Quindi, su questi primi elementi potremmo cominciare a inquadrare la scrittura come attività naturalmente finalizzata e interconnessa a una relativa possibilità di lettura, lettura come elemento intrinseco alla sua stessa ragione di esistere come attività e vocazione, qualcosa di attivo mirato a una risposta o reazione, alla necessità di uno sguardo passivo ma anche attivo, con il quale relazionarsi, e attraverso il quale trovare gli stimoli per continuare a scrivere, ma sempre in balìa di un altro essere umano che in qualche modo diriga il nostro movente e ci consoli o ci condanni. Possibile.
In soldoni: quando si scrive si sognerà quasi sempre, a qualsiasi livello, di essere letti, ascoltati, anche un po' amati, solo per gioco. Di far sì che parte del tempo e della dedizione profusi in questa faticosa attività, si prenda anche del tempo da un altro, che senta di restituire anche quella nostra dedizione e fatica con il suo ascolto, il suo sguardo.

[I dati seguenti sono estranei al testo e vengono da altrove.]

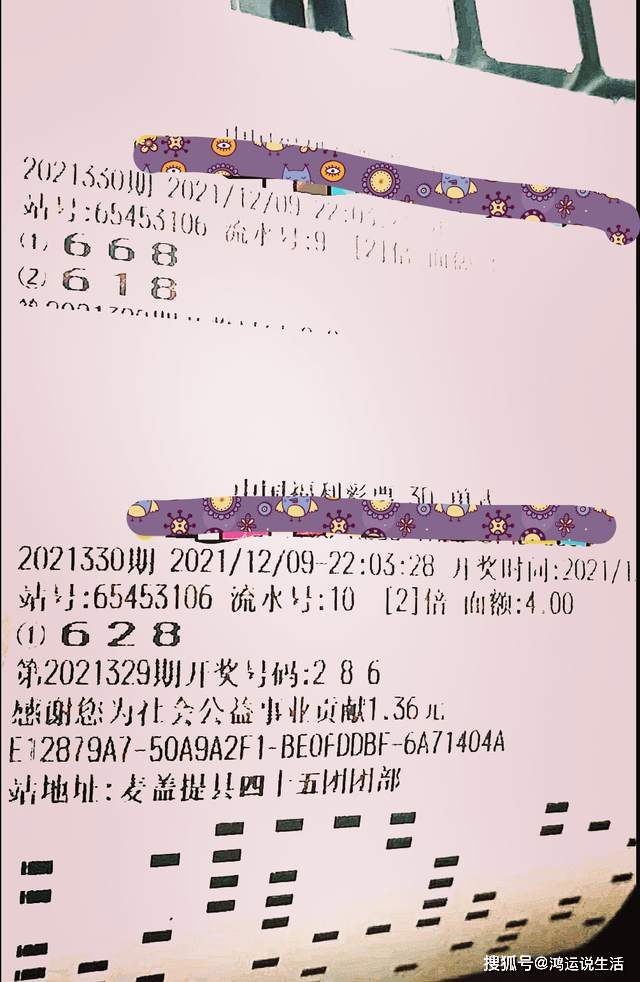 密西根最新选票揭晓，重塑未来之路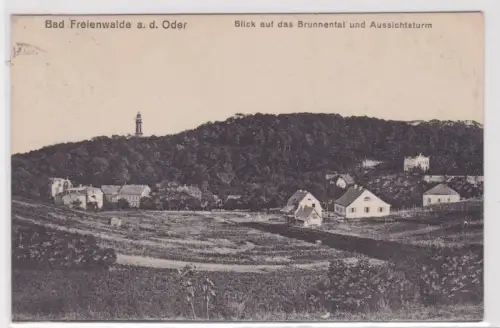 63940Ak Bad Freienwalde a.d.Oder.Blick auf das Brunnental und Aussichtsturm.1924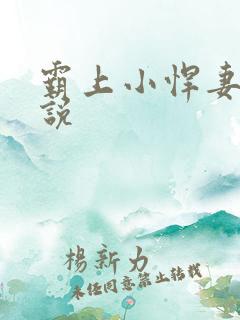 霸上小悍妻 小说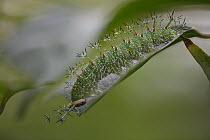 Grecian Shoemaker (Catonephele numilia) caterpillar, Monteverde Cloud Forest Reserve, Costa Rica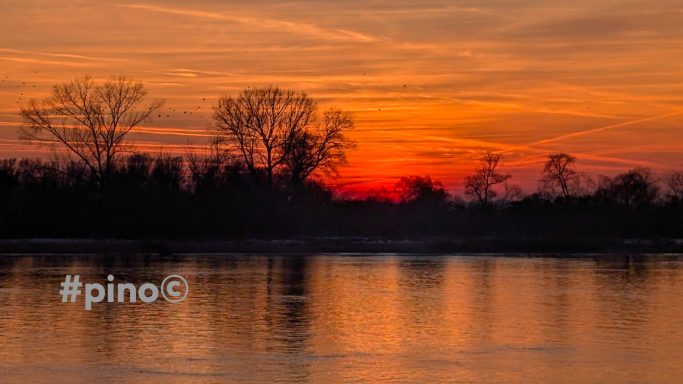 Sonnenuntergang über einem ruhigen Gewässer, silhouettierte Bäume im Vordergrund.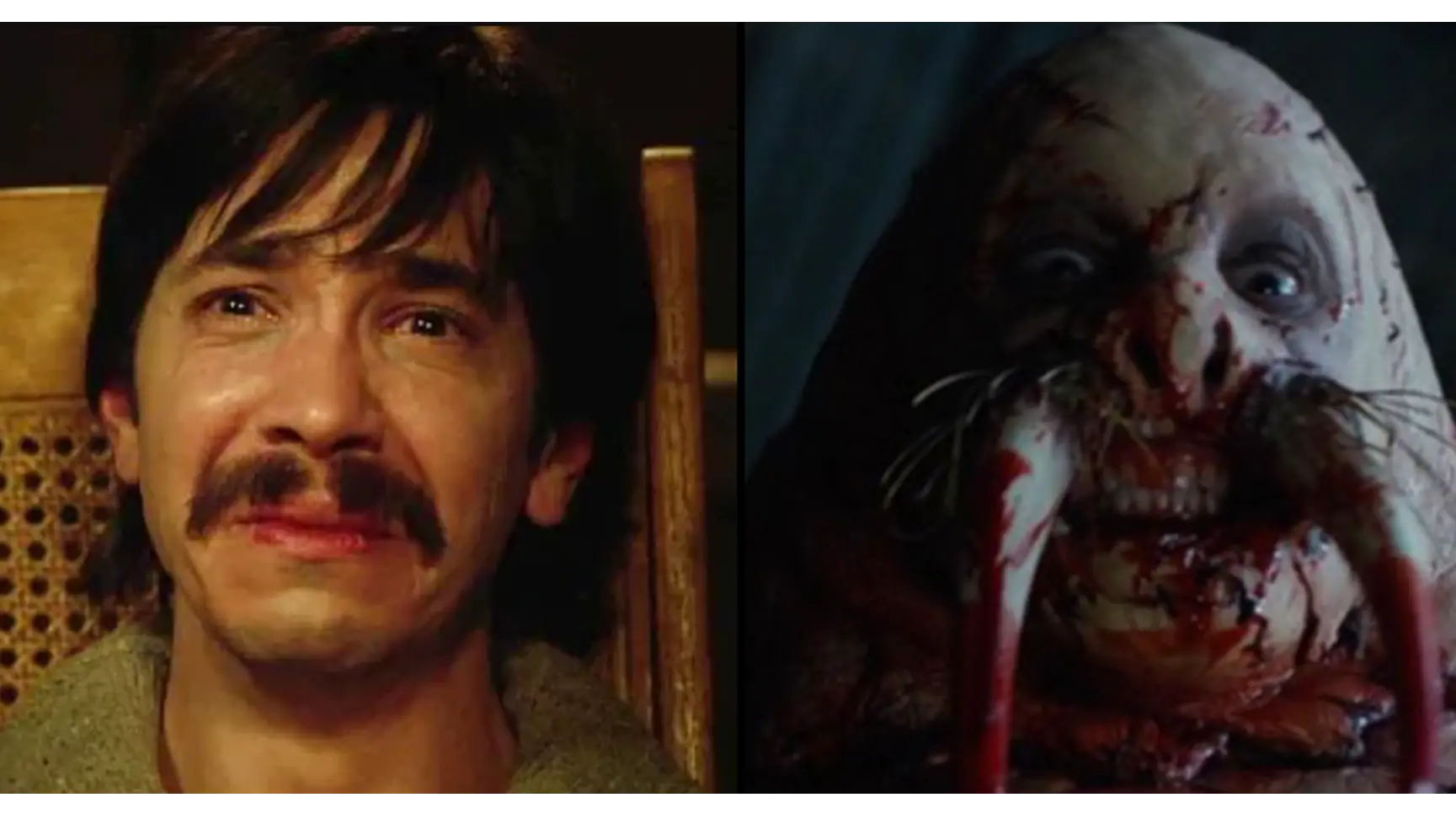 Traumatising movie ‘worse than the Human Centipede’ was actually inspired by true events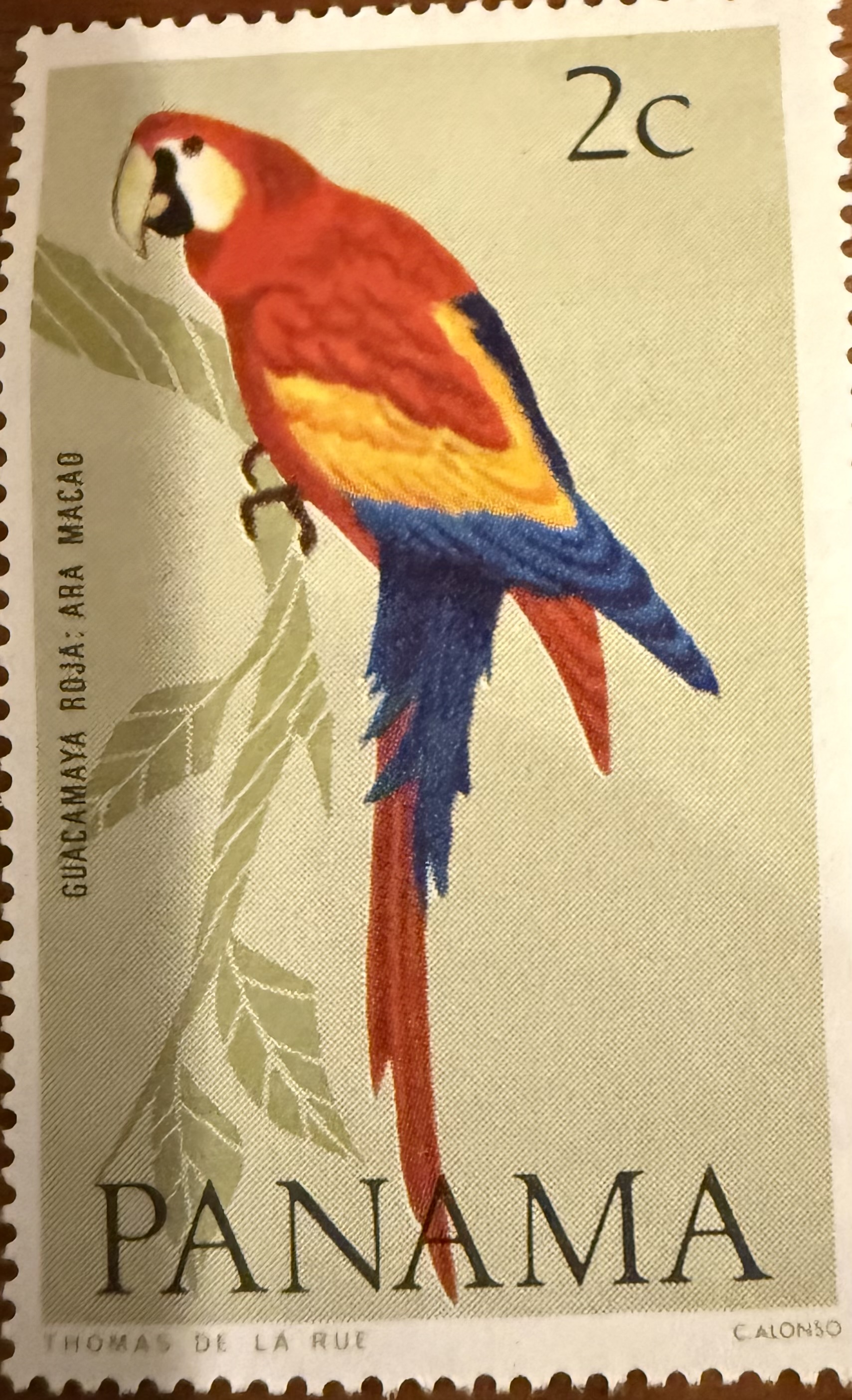 1965 Scarlet Macaw Panama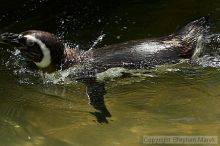 Penguins at the San Francisco Zoo.

Filename: srm_20050529_164202_0_std.jpg
Aperture: f/5.6
Shutter Speed: 1/640
Body: Canon EOS 20D
Lens: Canon EF 80-200mm f/2.8 L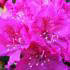 Rhododendron Rocket, a rhododendron hybrid with pink flowers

Ma si scriverà soltanto per provare la sensazione sospesa e irreale di questo sogno, spesso irrealizzabile, che potrebbe consolare quanto se non più dell'essere letti? O esclusivamente per realizzare in pieno e a tutti costi questo sogno? Come se la realizzazione di questo sogno fosse l'unico reale significato, l'unica ragione d'essere del mio scrivere, della mia vocazione allo scrivere? Il suo senso, la sua genesi, il suo movente?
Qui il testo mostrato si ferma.